──────── Material supplied
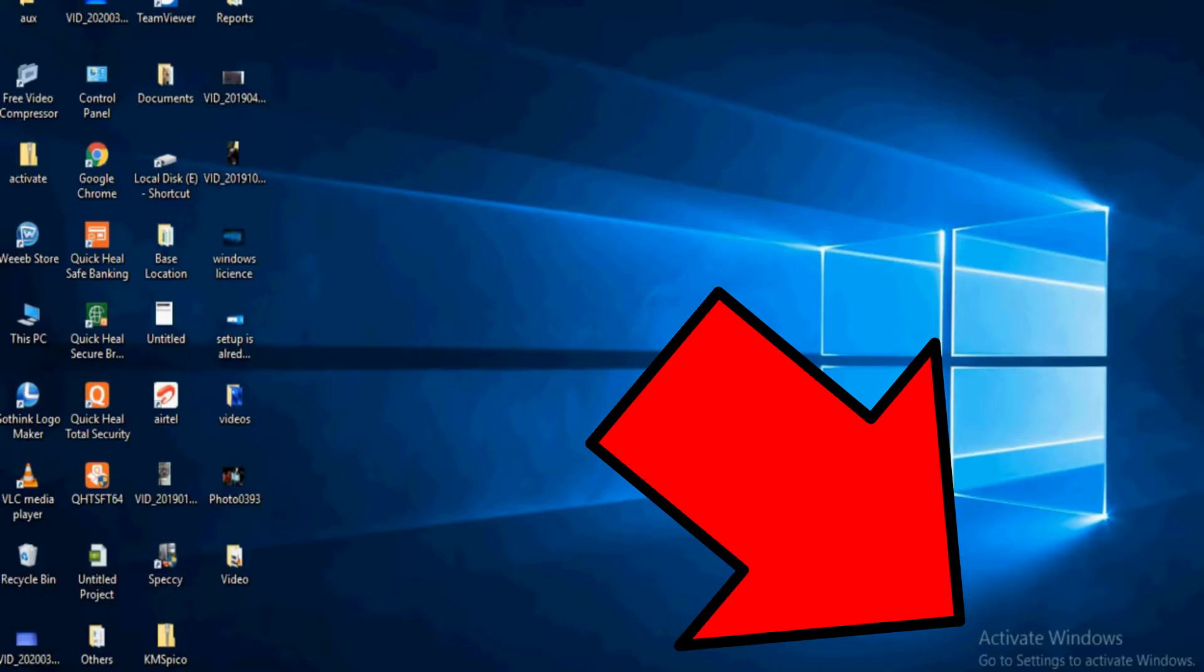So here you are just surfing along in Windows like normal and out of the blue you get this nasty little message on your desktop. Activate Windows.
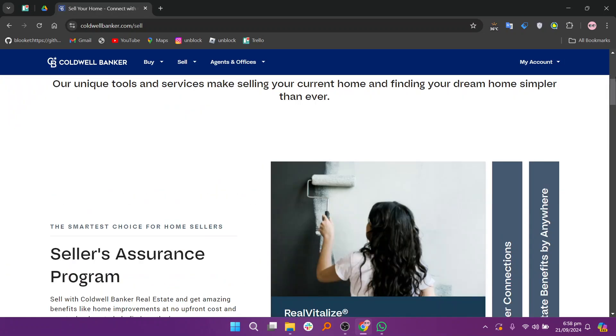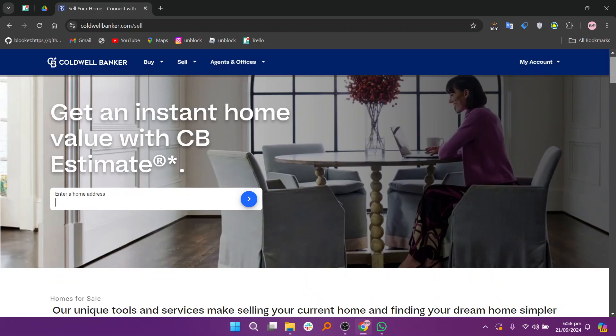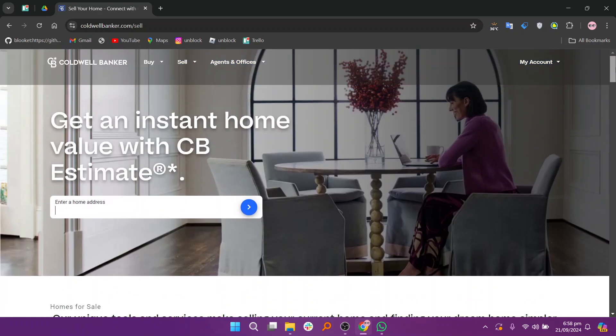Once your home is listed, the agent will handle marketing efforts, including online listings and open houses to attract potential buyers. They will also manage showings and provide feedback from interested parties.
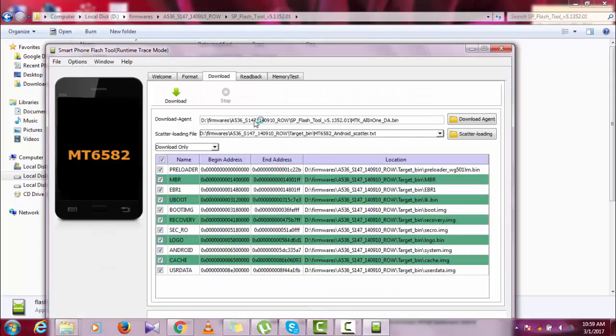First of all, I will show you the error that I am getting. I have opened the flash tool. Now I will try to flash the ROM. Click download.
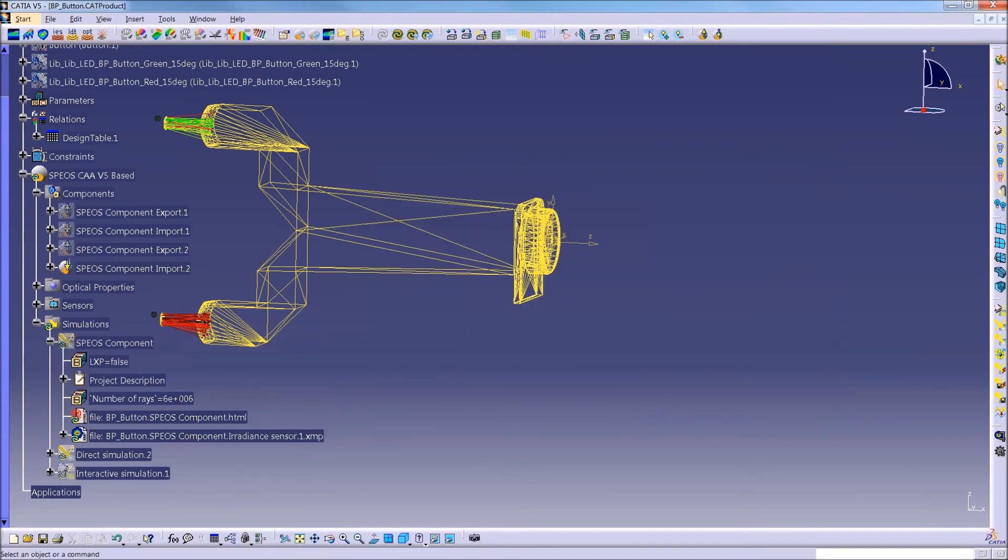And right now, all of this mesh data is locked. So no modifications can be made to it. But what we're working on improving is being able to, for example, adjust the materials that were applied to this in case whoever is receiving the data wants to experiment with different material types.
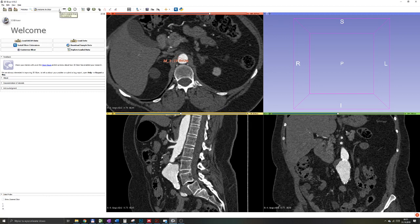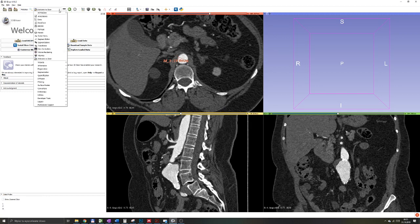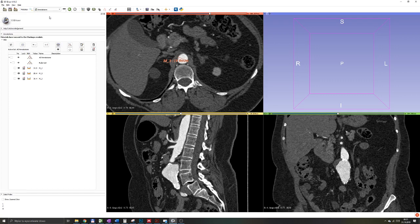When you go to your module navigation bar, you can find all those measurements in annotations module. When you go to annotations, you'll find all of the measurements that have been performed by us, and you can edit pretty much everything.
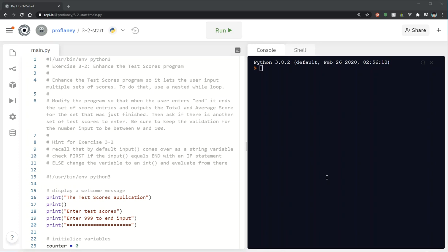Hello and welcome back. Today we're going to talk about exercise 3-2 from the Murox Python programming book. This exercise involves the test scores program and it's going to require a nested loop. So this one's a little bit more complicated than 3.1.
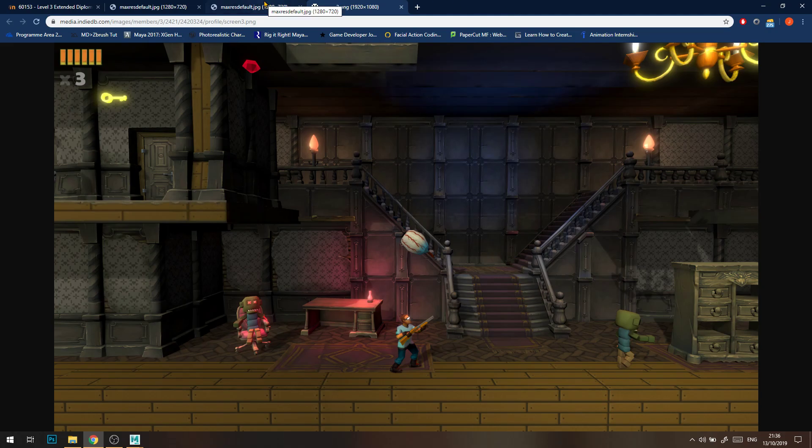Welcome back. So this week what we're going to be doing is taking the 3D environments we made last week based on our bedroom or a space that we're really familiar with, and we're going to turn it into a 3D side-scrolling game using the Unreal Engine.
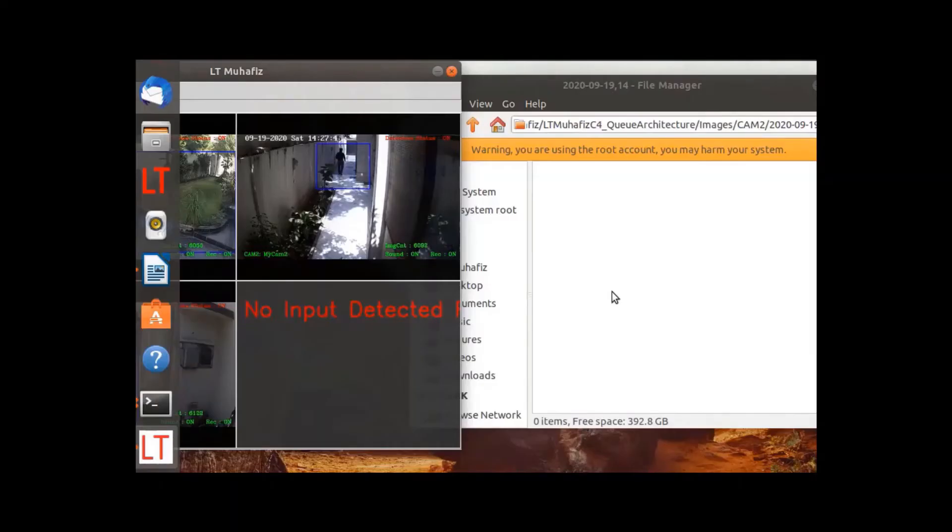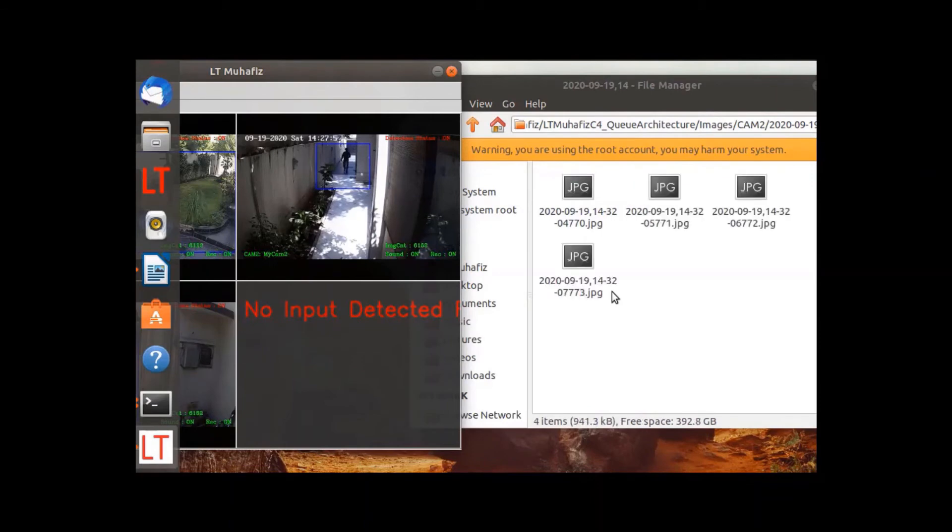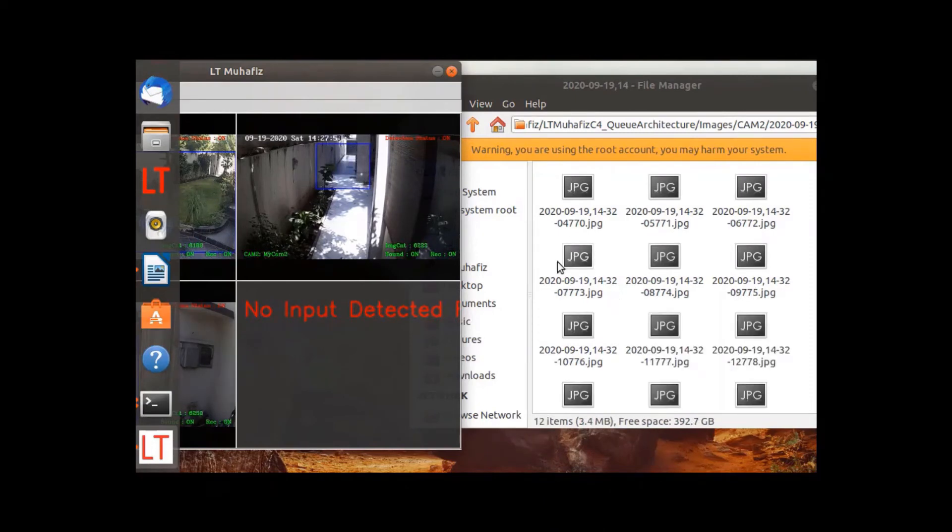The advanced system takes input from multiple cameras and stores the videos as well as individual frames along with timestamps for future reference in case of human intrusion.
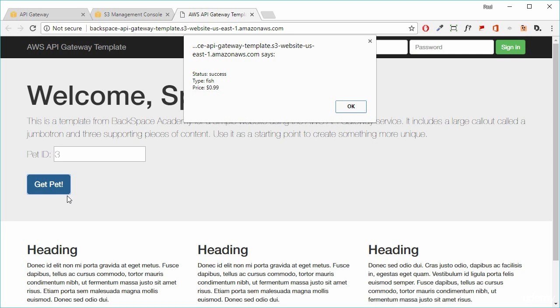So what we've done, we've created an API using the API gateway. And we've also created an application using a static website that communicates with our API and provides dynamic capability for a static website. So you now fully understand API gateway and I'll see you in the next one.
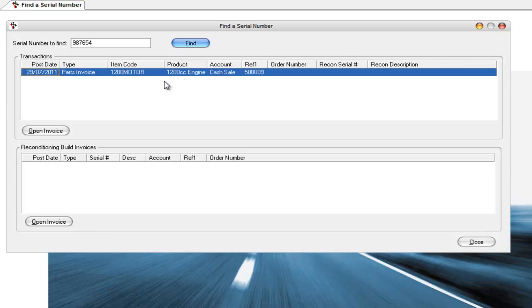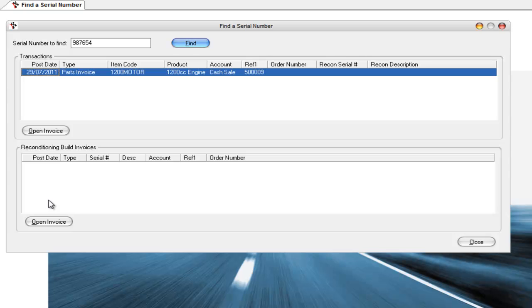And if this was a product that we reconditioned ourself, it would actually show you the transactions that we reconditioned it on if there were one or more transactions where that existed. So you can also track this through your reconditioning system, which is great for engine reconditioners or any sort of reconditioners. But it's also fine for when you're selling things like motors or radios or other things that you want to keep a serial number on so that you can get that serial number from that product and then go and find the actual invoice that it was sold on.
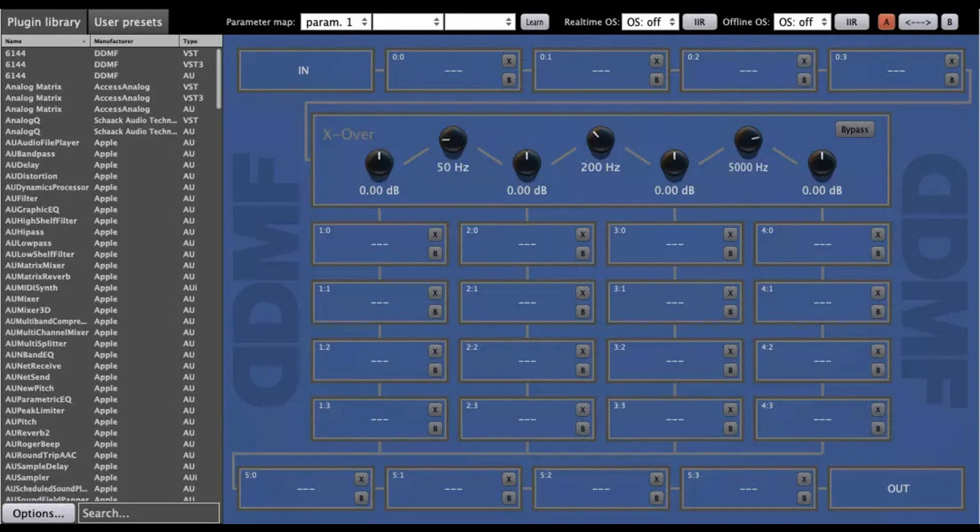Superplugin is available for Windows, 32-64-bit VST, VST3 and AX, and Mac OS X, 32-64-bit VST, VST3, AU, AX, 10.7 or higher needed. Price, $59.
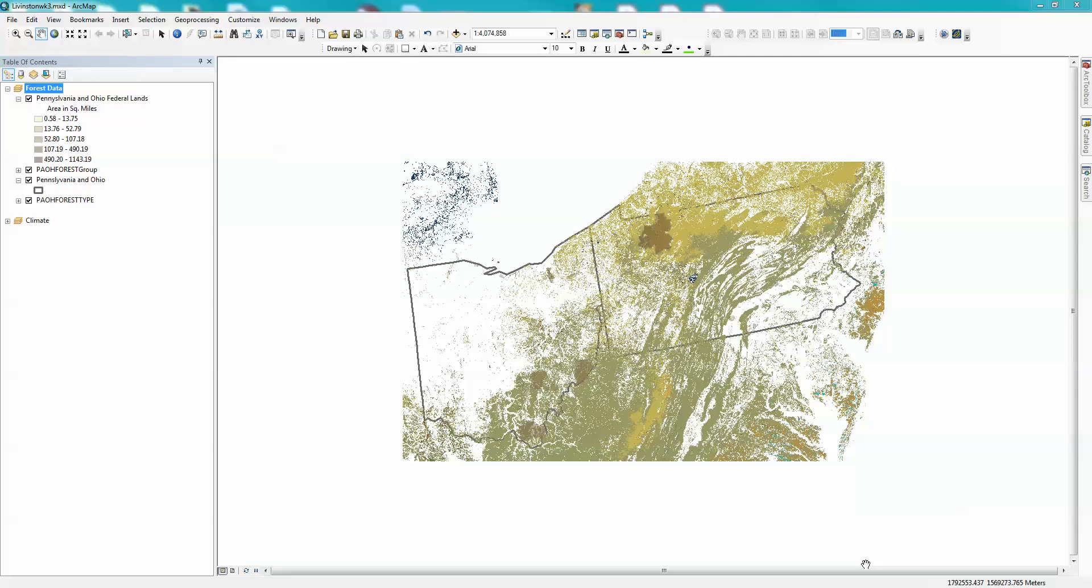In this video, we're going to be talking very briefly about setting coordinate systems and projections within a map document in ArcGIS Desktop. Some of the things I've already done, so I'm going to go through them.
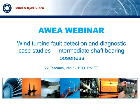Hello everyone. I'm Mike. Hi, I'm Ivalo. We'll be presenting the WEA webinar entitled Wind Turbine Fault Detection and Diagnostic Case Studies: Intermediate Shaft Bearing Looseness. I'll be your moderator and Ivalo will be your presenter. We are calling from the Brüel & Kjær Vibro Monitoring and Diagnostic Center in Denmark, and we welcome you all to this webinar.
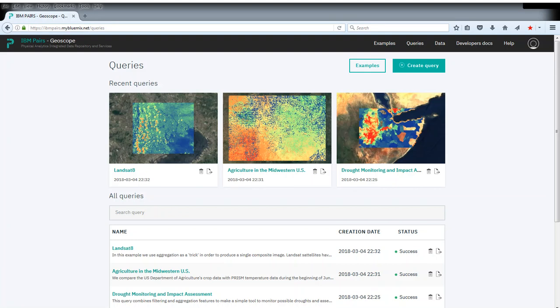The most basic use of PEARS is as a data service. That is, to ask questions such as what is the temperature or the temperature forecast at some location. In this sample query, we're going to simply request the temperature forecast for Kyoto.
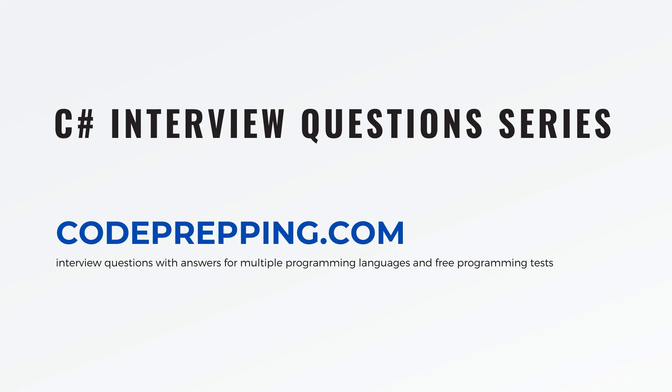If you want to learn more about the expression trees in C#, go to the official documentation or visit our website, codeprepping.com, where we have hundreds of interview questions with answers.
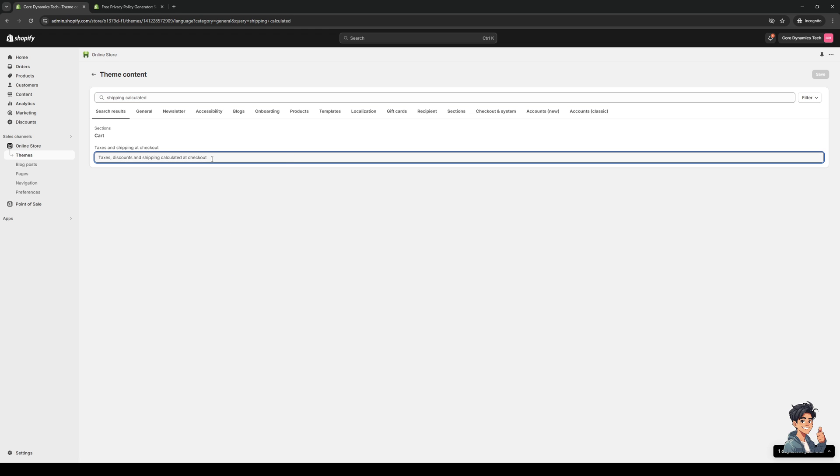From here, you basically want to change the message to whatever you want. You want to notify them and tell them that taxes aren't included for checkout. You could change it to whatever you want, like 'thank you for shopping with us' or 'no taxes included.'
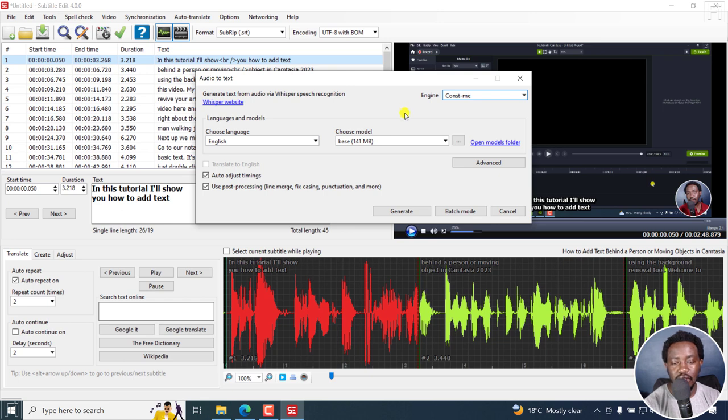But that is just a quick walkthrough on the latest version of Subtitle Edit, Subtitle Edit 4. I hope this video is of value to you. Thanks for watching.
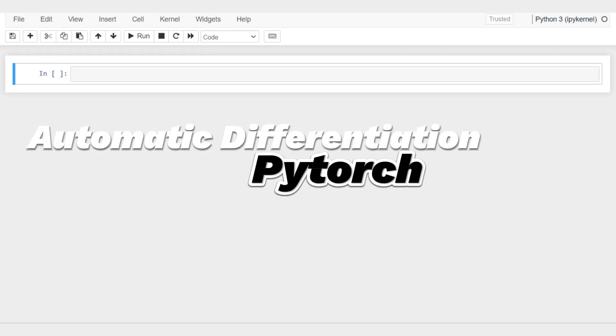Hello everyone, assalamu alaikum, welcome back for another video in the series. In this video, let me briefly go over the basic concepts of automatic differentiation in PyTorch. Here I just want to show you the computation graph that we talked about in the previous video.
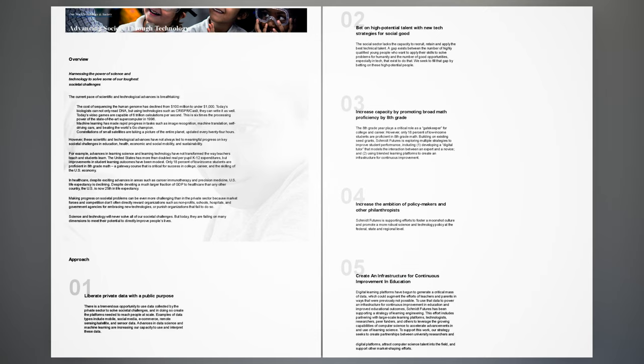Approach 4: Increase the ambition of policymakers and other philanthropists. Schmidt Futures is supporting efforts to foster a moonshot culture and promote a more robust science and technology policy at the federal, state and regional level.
────────────────
== Required work ==
Everything in the entries above should be written out again exactly, except the images.

== Solution for this task ==
So here you are just surfing along in Windows like normal and out of the blue you get this nasty little message on your desktop. Activate Windows.
Once your home is listed, the agent will handle marketing efforts, including online listings and open houses to attract potential buyers. They will also manage showings and provide feedback from interested parties.
First of all, I will show you the error that I am getting. I have opened the flash tool. Now I will try to flash the ROM. Click download.
And right now, all of this mesh data is locked. So no modifications can be made to it. But what we're working on improving is being able to, for example, adjust the materials that were applied to this in case whoever is receiving the data wants to experiment with different material types.
When you go to your module navigation bar, you can find all those measurements in annotations module. When you go to annotations, you'll find all of the measurements that have been performed by us, and you can edit pretty much everything.
Hello and welcome back. Today we're going to talk about exercise 3-2 from the Murox Python programming book. This exercise involves the test scores program and it's going to require a nested loop. So this one's a little bit more complicated than 3.1.
Welcome back. So this week what we're going to be doing is taking the 3D environments we made last week based on our bedroom or a space that we're really familiar with, and we're going to turn it into a 3D side-scrolling game using the Unreal Engine.
The advanced system takes input from multiple cameras and stores the videos as well as individual frames along with timestamps for future reference in case of human intrusion.
So what we've done, we've created an API using the API gateway. And we've also created an application using a static website that communicates with our API and provides dynamic capability for a static website. So you now fully understand API gateway and I'll see you in the next one.
And if this was a product that we reconditioned ourself, it would actually show you the transactions that we reconditioned it on if there were one or more transactions where that existed. So you can also track this through your reconditioning system, which is great for engine reconditioners or any sort of reconditioners. But it's also fine for when you're selling things like motors or radios or other things that you want to keep a serial number on so that you can get that serial number from that product and then go and find the actual invoice that it was sold on.
Superplugin is available for Windows, 32-64-bit VST, VST3 and AX, and Mac OS X, 32-64-bit VST, VST3, AU, AX, 10.7 or higher needed. Price, $59.
In this video, we're going to be talking very briefly about setting coordinate systems and projections within a map document in ArcGIS Desktop. Some of the things I've already done, so I'm going to go through them.
Hello everyone. I'm Mike. Hi, I'm Ivalo. We'll be presenting the WEA webinar entitled Wind Turbine Fault Detection and Diagnostic Case Studies: Intermediate Shaft Bearing Looseness. I'll be your moderator and Ivalo will be your presenter. We are calling from the Brüel & Kjær Vibro Monitoring and Diagnostic Center in Denmark, and we welcome you all to this webinar.
The most basic use of PEARS is as a data service. That is, to ask questions such as what is the temperature or the temperature forecast at some location. In this sample query, we're going to simply request the temperature forecast for Kyoto.
If you want to learn more about the expression trees in C#, go to the official documentation or visit our website, codeprepping.com, where we have hundreds of interview questions with answers.
From here, you basically want to change the message to whatever you want. You want to notify them and tell them that taxes aren't included for checkout. You could change it to whatever you want, like 'thank you for shopping with us' or 'no taxes included.'
But that is just a quick walkthrough on the latest version of Subtitle Edit, Subtitle Edit 4. I hope this video is of value to you. Thanks for watching.
Hello everyone, assalamu alaikum, welcome back for another video in the series. In this video, let me briefly go over the basic concepts of automatic differentiation in PyTorch. Here I just want to show you the computation graph that we talked about in the previous video.
Approach 4: Increase the ambition of policymakers and other philanthropists. Schmidt Futures is supporting efforts to foster a moonshot culture and promote a more robust science and technology policy at the federal, state and regional level.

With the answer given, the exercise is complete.